Berlusconi è sempre stato un perfetto interprete degli umori del popolo. Da magnifico piazzista ha saputo esaudire i desideri del pubblico televisivo prima, dei consumatori poi e degli elettori infine, dando sempre l’idea di relegare l’opposizione ad un semplice ruolo antiberlusconiano. Oggi invece questo meccanismo si è rotto e le posizioni sono più che ribaltate. E’ stato infatti il premier ad alimentare rozze e violente campagne denigratorie nei confronti dell’avversario politico di turno. Si veda Pisapia dipinto come leader degli zingari, degli estremisti islamici, degli omosessuali, oltre che ladro d’auto. Si veda i magistrati paragonati alle BR, portatori di una dittatura che intende sovvertire la volontà popolare [slogan recitato anche dinanzi ad Obama, in uno dei momenti più bassi di tutta la nostra storia repubblicana]. Il premier è ormai lontanissimo dai molti problemi concreti delle città e del Paese, arroccato in un palazzo dove si pensa esclusivamente a mantenere interessi, poteri e rendite. Ed è questo il motivo che ha portato non solo al tracollo del PdL, ma anche alla sconfitta della Lega, troppo compromessa dall’alleanza di Governo. Insomma, un terremoto che non potrà non avere serie ricadute politiche nell’immediato futuro e che oggi consegna il Paese alle possibilità di una nuova stagione.

Fare silenzio

Fare silenzio

In questi ultimi tempi la voglia di scrivere di politica è nulla. Anche perchè in Italia la politica non esiste. E’ forse politica sostenere che un proprio avversario “non si lava”, oppure che è un ladro, sapendo che non è vero? E’ politica quella che consente ad un plurimputato di insultare ogni giorno la magistratura che fa il proprio lavoro? E’ davvero politica quella che in televisione oscura le ragioni di chi porta avanti idee opposte a quelle del Governo? Ecco perchè mi taccio e faccio mia una riflessione di Concita De Gregorio.

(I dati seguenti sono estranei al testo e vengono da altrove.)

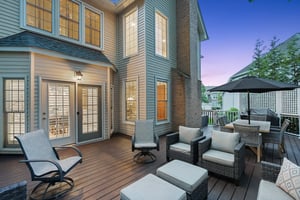 Twilight Rear Patio
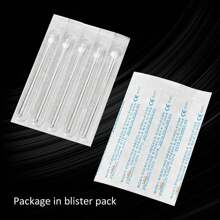 5pcs Disposable Sterile Body Piercing Needles 12G 14G 16G 18G 20G Tattoo Needle For Navel Nipple Lip Ring Kit Surgical Tools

«Ci sono giorni in cui si resta ammutoliti. Viene da ridere, poi da piangere, poi da non crederci. […] In fondo persino nel giorno in cui dice che vuole portare i sacchi di immondizia in procura, che vuole più poteri di Napolitano e che i leader della sinistra non si lavano – così, tutto insieme, in sequenza, la riforma costituzionale Bersani puzzolente i giudici che sono un cancro e la sapete l’ultima sui negri, mancano solo le corna le puzzette a ritmo di swing e una tarantella coi rutti – ecco persino in un giorno così, anzi soprattutto davanti all’evidenza patetica di una maschera grottesca, quello che davvero stringe il cuore e fa montare la rabbia non è lui, siamo noi. Sono gli italiani che ancora ci credono e quelli che non sono stati in grado di smascherarlo, di farsi alternativa, di ribellarsi al ridicolo dietro a cui cela i suoi interessi. […] Bisognerebbe fare silenzio, lasciare un momento che questo vergognoso frastuono risuonasse da solo. Sperare che la pornografia delle parole possa saturare e infine stancare anche gli insaziabili. Resta solo da stabilire quanto tempo ci vorrà ancora, perché non ne resta più molto. Per quante generazioni i figli dei figli saranno chiamati a ricostruire e a far dimenticare le macerie prodotte dall’inettitudine dei padri?»